■ Work to be completed:
Search the entries for the word "Sagitar". Copy every line that holds it.

■ Provided records:
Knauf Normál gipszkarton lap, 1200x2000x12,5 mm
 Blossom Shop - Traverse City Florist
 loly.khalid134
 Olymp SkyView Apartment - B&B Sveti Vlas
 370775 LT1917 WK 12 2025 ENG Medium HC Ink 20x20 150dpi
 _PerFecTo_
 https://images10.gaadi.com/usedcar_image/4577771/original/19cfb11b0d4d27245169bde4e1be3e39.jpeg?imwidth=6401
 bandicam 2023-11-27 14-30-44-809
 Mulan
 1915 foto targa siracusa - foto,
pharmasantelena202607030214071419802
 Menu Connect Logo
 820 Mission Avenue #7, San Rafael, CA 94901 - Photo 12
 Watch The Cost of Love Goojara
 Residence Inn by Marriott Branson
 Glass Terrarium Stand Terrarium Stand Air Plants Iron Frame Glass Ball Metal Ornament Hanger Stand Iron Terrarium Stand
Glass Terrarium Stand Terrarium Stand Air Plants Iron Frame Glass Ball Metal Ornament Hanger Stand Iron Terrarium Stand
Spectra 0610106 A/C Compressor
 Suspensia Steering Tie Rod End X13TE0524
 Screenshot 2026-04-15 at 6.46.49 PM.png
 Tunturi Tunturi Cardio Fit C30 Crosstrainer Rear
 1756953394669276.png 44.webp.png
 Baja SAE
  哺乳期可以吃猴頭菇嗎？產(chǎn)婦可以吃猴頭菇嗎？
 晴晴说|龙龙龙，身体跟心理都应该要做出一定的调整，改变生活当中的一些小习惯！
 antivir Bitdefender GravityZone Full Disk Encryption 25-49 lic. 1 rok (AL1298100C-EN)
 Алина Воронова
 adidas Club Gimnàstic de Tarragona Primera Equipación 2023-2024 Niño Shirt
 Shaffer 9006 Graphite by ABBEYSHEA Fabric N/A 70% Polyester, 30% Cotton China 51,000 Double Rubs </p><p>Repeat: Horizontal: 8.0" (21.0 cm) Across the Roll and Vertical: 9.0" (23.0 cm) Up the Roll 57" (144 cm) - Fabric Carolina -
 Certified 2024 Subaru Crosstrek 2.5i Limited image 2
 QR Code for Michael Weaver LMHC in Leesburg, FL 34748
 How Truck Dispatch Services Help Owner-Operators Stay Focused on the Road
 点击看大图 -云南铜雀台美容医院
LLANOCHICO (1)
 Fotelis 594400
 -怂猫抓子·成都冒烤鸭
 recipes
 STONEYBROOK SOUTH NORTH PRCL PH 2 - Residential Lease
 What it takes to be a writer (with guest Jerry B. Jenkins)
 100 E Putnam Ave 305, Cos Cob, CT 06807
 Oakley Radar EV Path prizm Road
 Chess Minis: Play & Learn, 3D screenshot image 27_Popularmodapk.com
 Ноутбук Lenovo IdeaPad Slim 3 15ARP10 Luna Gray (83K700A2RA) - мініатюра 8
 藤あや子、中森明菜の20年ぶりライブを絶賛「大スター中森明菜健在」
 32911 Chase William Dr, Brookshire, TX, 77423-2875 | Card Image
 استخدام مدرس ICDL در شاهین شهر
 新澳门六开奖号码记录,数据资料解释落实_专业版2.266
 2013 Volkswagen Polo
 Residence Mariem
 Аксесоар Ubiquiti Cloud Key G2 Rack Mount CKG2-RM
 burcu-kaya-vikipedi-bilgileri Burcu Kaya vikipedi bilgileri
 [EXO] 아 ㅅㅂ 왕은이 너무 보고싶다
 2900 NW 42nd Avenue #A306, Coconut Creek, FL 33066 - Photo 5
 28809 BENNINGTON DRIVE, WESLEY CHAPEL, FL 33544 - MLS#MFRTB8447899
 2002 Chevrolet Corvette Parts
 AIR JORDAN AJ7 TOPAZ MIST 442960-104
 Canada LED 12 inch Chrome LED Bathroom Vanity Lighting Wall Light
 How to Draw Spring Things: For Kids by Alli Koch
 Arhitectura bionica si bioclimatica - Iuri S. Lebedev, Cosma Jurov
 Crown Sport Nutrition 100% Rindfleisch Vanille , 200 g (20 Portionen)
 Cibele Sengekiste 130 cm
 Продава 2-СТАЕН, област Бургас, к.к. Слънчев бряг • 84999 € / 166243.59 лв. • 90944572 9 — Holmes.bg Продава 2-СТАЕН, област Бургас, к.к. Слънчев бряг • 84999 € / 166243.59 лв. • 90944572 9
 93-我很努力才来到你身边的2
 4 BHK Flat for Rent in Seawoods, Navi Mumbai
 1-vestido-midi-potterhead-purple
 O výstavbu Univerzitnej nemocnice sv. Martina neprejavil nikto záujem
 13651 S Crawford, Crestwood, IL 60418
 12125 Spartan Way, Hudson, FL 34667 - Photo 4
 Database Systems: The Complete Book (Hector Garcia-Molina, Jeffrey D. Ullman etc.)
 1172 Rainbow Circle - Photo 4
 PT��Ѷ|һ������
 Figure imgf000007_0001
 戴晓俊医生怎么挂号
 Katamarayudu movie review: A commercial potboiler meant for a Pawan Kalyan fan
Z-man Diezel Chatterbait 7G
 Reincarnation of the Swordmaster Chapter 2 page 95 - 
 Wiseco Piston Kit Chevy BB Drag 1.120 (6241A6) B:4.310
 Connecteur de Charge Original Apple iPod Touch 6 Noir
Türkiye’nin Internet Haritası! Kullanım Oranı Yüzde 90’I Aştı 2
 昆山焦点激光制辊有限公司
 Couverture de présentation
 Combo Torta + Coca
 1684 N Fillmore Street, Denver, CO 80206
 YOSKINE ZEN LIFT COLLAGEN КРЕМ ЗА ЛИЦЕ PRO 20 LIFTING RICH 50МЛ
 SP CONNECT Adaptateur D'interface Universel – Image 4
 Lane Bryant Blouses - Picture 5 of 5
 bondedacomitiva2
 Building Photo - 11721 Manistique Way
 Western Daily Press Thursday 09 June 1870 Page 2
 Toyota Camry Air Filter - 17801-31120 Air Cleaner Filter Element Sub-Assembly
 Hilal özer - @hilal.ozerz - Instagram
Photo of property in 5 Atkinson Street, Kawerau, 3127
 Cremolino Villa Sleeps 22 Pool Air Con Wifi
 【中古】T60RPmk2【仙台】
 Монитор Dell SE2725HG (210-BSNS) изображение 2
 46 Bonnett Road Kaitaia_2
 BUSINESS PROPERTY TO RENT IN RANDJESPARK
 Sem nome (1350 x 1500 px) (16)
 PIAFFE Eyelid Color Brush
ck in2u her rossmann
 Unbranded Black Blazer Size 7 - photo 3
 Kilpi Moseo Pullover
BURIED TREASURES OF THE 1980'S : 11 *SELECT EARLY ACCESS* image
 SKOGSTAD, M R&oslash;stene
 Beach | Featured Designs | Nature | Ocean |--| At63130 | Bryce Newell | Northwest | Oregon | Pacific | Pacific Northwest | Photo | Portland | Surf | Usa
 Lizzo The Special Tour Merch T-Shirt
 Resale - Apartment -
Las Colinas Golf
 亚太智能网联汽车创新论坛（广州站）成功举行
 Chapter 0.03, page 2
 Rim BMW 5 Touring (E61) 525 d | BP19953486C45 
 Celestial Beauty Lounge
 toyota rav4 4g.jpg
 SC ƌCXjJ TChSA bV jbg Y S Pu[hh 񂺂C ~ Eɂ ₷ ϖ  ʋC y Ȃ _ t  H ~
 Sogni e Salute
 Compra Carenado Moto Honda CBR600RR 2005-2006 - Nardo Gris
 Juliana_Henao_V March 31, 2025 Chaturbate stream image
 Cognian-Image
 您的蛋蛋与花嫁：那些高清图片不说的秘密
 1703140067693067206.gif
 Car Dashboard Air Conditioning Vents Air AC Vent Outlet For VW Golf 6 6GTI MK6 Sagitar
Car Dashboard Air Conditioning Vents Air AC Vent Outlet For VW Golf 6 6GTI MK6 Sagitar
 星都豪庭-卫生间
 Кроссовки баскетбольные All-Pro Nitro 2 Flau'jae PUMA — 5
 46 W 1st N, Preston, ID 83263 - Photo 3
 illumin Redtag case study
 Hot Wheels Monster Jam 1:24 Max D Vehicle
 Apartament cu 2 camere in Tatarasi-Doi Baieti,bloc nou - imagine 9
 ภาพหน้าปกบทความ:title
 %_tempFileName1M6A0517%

■ Written response:
 Car Dashboard Air Conditioning Vents Air AC Vent Outlet For VW Golf 6 6GTI MK6 Sagitar
Car Dashboard Air Conditioning Vents Air AC Vent Outlet For VW Golf 6 6GTI MK6 Sagitar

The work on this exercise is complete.